GOP tax bill benefits top one percent says Houston business owner

Roughly 1,400 miles from Capitol Hill and the current tax reform fight, you will find Rusk Elatassi's car repair shop on Westheimer.

It's the kind of business that Republicans claim will likely reap at least trickle down benefit from a monster corporate tax cut.

For his part, Elatassi is highly skeptical the companies from whom he buys tires, oil and parts will share their windfall by cutting prices.

 "In reality we see that the tax cuts are just pocketed by the wealthiest in this country and it doesn't actually trickle down as it's supposed to do, in theory, to the folks that it's supposed to help," said Elatassi.

As for the tax bill's price tag and its $1.5 trillion addition to the national debt, Elatassi says it's a hefty gamble when our kids could be left with an unpaid tab.

"It's custom tailored to obviously benefit the people at the top one percent of the tax bracket. It's so obvious that you don't have to be a genius or an accountant to figure that out," said Elatassi.

Fox 26 talked to accountant Ed Gardner anyway.

"We are going to find out that about 90 percent of the people are going to pay a little less tax now," said Edward Gardner, a Houston CPA.
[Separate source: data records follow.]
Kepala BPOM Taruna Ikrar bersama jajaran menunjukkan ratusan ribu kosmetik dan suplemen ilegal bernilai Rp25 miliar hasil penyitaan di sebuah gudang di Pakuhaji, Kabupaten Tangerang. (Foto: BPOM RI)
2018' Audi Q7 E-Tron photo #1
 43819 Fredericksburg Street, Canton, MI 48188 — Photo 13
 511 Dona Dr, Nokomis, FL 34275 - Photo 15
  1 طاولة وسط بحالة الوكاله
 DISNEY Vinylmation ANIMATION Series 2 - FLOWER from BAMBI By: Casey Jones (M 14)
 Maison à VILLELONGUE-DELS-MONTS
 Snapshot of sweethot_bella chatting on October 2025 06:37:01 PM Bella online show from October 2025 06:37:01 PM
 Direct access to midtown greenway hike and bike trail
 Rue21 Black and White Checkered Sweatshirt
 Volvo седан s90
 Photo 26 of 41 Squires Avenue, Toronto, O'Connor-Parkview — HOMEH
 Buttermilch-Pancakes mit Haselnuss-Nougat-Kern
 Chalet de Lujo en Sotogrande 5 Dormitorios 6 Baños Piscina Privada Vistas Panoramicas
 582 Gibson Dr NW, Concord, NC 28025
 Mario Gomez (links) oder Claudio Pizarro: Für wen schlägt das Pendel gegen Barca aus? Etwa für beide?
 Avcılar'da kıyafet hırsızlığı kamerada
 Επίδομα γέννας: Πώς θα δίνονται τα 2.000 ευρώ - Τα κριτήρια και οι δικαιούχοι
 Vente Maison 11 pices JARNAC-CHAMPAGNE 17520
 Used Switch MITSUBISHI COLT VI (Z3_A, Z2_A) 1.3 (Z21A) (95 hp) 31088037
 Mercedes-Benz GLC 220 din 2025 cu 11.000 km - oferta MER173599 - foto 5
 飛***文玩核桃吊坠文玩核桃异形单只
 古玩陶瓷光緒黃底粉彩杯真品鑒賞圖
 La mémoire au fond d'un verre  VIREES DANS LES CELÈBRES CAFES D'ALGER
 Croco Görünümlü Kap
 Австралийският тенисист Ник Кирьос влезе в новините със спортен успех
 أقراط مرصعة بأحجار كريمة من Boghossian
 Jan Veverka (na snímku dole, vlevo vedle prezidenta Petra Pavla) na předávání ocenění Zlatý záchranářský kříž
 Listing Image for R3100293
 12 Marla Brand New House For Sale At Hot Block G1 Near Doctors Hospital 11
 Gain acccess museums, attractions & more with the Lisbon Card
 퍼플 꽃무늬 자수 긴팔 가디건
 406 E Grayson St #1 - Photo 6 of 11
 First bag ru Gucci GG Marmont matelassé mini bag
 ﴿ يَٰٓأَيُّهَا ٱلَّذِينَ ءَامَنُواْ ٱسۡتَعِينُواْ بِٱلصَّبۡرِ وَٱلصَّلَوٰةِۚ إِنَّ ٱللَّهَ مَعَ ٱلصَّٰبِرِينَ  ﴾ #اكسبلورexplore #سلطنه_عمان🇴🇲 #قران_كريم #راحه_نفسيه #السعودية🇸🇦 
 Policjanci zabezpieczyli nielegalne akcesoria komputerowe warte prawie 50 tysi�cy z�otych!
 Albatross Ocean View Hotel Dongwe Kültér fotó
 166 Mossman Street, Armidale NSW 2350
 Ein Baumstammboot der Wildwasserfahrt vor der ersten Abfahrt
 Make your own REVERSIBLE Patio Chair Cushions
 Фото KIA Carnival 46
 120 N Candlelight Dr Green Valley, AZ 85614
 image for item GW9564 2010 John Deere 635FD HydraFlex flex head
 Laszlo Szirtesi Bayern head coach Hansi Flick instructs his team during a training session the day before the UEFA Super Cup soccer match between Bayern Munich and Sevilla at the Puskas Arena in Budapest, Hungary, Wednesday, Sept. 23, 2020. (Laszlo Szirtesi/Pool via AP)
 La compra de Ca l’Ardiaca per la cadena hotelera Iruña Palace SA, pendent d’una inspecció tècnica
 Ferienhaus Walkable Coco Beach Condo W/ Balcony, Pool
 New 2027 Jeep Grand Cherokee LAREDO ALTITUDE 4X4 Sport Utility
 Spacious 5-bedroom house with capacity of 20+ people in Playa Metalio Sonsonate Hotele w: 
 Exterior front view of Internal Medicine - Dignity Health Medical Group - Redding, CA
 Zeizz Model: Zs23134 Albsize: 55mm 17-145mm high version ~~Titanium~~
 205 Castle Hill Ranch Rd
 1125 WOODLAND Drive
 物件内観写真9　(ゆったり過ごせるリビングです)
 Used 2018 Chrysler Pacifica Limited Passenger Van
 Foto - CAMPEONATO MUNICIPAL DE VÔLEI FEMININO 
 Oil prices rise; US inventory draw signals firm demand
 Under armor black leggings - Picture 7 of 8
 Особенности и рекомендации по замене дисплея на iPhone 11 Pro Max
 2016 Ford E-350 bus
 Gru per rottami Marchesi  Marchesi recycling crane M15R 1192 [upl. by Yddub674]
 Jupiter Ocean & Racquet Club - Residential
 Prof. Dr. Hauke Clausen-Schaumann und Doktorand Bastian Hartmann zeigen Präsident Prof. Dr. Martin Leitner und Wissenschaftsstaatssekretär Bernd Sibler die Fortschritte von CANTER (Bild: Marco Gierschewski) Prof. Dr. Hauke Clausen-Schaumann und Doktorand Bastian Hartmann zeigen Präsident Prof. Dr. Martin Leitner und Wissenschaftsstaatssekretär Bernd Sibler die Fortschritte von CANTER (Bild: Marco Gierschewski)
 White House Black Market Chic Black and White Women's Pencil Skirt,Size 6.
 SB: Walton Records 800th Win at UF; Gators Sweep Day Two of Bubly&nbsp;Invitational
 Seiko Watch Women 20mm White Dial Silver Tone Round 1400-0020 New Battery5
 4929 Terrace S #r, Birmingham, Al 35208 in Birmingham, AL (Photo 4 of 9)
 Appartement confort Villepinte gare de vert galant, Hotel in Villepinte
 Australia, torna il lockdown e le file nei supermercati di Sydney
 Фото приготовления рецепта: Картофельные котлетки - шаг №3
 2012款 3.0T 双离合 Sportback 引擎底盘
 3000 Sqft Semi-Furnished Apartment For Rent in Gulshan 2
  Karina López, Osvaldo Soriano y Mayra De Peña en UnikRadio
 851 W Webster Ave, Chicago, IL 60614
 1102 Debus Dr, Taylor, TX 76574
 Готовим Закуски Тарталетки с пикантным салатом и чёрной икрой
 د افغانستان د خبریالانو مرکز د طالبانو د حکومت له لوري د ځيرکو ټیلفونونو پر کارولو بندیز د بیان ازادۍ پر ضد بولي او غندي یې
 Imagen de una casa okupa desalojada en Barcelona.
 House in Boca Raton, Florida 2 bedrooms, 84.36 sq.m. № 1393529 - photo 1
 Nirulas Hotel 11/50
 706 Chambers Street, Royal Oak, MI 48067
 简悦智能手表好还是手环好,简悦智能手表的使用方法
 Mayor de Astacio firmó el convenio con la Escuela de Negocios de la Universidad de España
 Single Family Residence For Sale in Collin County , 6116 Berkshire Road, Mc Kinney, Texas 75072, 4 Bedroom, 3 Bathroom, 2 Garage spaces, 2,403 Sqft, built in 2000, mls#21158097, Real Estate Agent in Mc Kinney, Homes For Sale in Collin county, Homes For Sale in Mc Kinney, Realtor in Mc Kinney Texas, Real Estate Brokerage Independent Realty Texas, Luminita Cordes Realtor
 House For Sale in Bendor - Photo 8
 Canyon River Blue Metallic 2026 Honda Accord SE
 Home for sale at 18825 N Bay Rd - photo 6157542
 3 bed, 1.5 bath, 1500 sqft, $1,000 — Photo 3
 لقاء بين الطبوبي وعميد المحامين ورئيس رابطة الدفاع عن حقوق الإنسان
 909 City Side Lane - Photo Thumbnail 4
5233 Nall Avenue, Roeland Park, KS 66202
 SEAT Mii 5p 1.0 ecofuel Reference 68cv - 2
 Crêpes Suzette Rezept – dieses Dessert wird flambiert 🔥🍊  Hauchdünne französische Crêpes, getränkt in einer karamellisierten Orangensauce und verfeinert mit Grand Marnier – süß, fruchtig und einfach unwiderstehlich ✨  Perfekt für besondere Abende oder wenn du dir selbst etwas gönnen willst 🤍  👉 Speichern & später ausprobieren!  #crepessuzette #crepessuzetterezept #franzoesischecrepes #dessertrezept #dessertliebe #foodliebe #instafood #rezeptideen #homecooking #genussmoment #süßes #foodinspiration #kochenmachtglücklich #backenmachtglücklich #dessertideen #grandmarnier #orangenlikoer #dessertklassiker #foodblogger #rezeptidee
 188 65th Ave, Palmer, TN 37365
But Gardner says that will change with the benefit for most Americans gradually disappearing over the next decade.

The claim in Washington is that the corporations for whom these employees toil will likely share their "permanent" tax relief by raising worker wages.

While Ed Gardner isn't making any predictions, he has watched carefully over the years just how humans handle cash.

"There's people on both sides of the street that feel when you got more money in your bank account you might not be real easy to let go of it," said Gardner.

Today the non-partisan Joint Committee on Taxation estimated that increased economic growth due to the anticipated Republican tax cut would offset only a third of the measure's $1.5 trillion cost.